The film demonstrates Ready’s allegedly amazing gift of gab early on, when he starts to light up a cigarette on an airplane. He is of course immediately chastised by a flight attendant, but responds with a rousing, jingoistic speech about his right to light up in the land of the free. Cut to a flying party in the sky where the crew and passengers are smoking and drinking.
There’s something inherently interesting about desperate salespeople, whether the sad sacks in Glengarry Glen Ross, or the con men in the 1980 film Used Cars. With salesmen, the conflict is inherent in the character: either they can make the sale (or quota) or they can’t. Ready and his crew do everything they can to sell Selleck’s cars ahead of a buyout from a rival car dealer, played by Alan Thicke. It’s up to Ready to save the day by selling every last car off the lot by the weekend. Can he do it? Of course, that goal is secondary to the avalanche of jokes (some racy, some stupid, some raunchy) that ensues.
The film’s pace (and therefore comedy quotient) slows down when the writers shoehorned in a love story involving Ready’s implausible desire to give up the road life and settle down—after all, there must be a character arc. Will Ferrell, whose appearance in films has been scientifically proven to have a deadening effect on comedy, shows up in a cameo appearance carefully edited for length to avoid Ferrell fatigue.

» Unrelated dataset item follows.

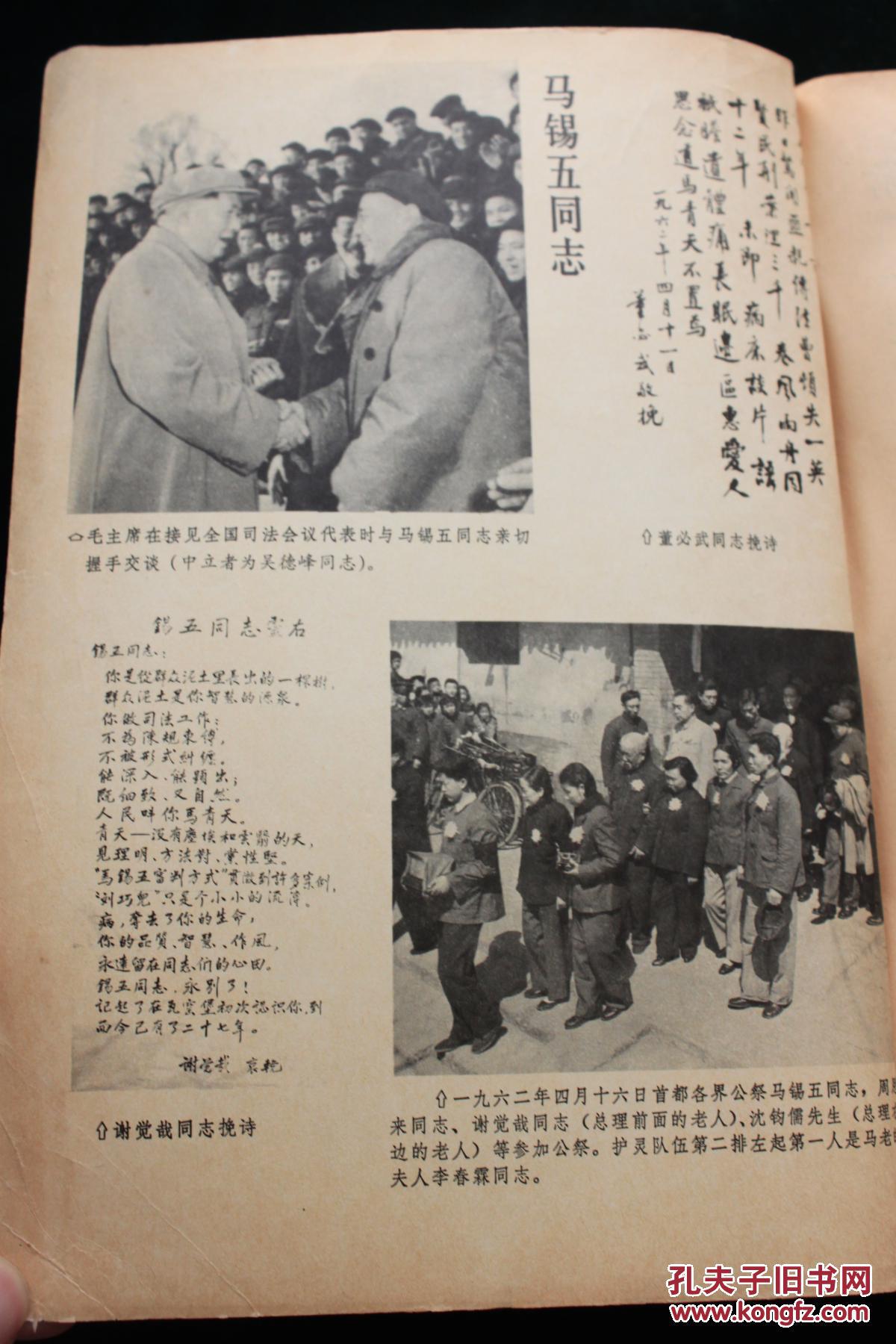 《社会科学战线》1978.2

The Goods often comes off less as a complete, considered movie than as a series of comedy sketches loosely strung together. To be sure, a lot of the jokes and situations carry their comedic weight. The film has many, many supporting characters—most of them played by seasoned comedy actors with a great sense of timing—who provide a few funny lines. The Goods is hardly comedy gold, though coming as it does from folks who brought you Old School and Stepbrothers, is better than you might expect.